Toplumsal cinsiyet rolleri sorgulanmadığı ve toplumsal cinsiyet eşitliğinin sağlanması için adımlar atılmadığı sürece “yürekleri parçalayan” erkek şiddeti haberleri duymaya devam edeceğiz.
Güvenlik dediğimiz şey, üzerinde yaşadığımız toprak parçasının metre karesi ile veya asker sayisı ile alakalı değil, en temel yaşam hakkımızı sağlayabilme ile ilgilidir. Bir devlet bireylerin ve özellikle de doğumdan itibaren eşitsizliklerle yaşamaya çalışan kadınların yaşam hakkını garanti altına alamayacaksa, aslında orada bir devlet yoktur.

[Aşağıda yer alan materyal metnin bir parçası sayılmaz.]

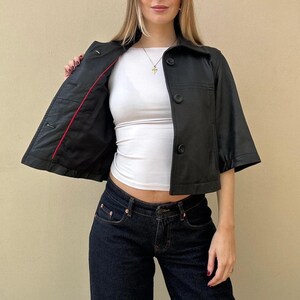 May include: A black, short-sleeved jacket with three buttons and a collar. The jacket's interior is lined with red fabric. The model is wearing a white top and dark blue jeans.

Seçilmişler yurt dışı gezi masraflarını devlet bütçesinden karşılıyıp, toplumsal cinsiyet eşitliğinin sağlanması için herhangi bir çalışma yapmıyorlarsa kendi menfaatlerinden başka birşey düşünmüyorlardır.
Taleplerimizi bıkmadan, usanmadan ve ısrarla yinelemeye devam ediyoruz. Her bölgeye sığınma evi, şiddet önleme merkezleri ve en önemlisi de Toplumsal Cinsiyet Eşitliği Dairesi’nin bir an önce hayata geçirilmesini talep ediyoruz.
Her geçen gün daha sık duymaya başladığımız erkek şiddeti haberlerine alışmayacağız! Yasımızı isyana çevirip en temel hak olan yaşam hakkımız için mücadeleye devam edeceğiz.
Hayatlarımız, sizin elinize bırakılacak kadar ucuz değil!